I got out of the largish waves today, only to meet a ton of people on the cliff looking angrily at each other. I blurted out, get out in the water and stop intimidating! Two entire groups of people that were in this non verbal confrontation let their guard down and walked on!
Then every kid with his girlfriend or skateboard looked at me angrily while I changed. I eventually said, in a very fatherly tone, it’s OK. You don’t have to be afraid. And then they sort of lightened up. Then a whole group of separate couples came by, all seemingly suspicious of each other. So I said, we don’t have to be afraid of each other! Everyone has a heart! And they smiled.
So, I think this was good. Better than acting neurotic.

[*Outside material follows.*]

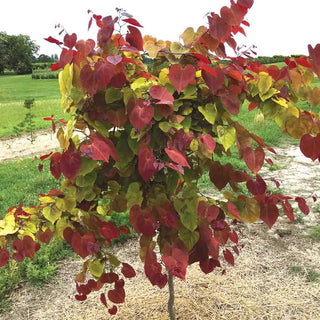 Flame Thrower® Redbud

It’s like when a long boarder takes your wave. Or like when I met Stacey.
The short boarder gets a wave. And rides it well. It’s the culmination of years of practice, experience, balance, and strength. Just getting up in grace is a major feat. Then slamming across the wave, reading it, keeping speed. But then, the self absorbed long bairder decides to paddle into the coming wave. His ego itself almost stops the humble, sensitive, short boarder. And that’s just the thing. The world is full of truly sensitive, truly humble people, giving up their lives for others, and constantly being trumped by egotistical idiots. And I was one of them. In order to do something great, you have to be vulnerable. And you inevitably get hit over and over by the invulnerable.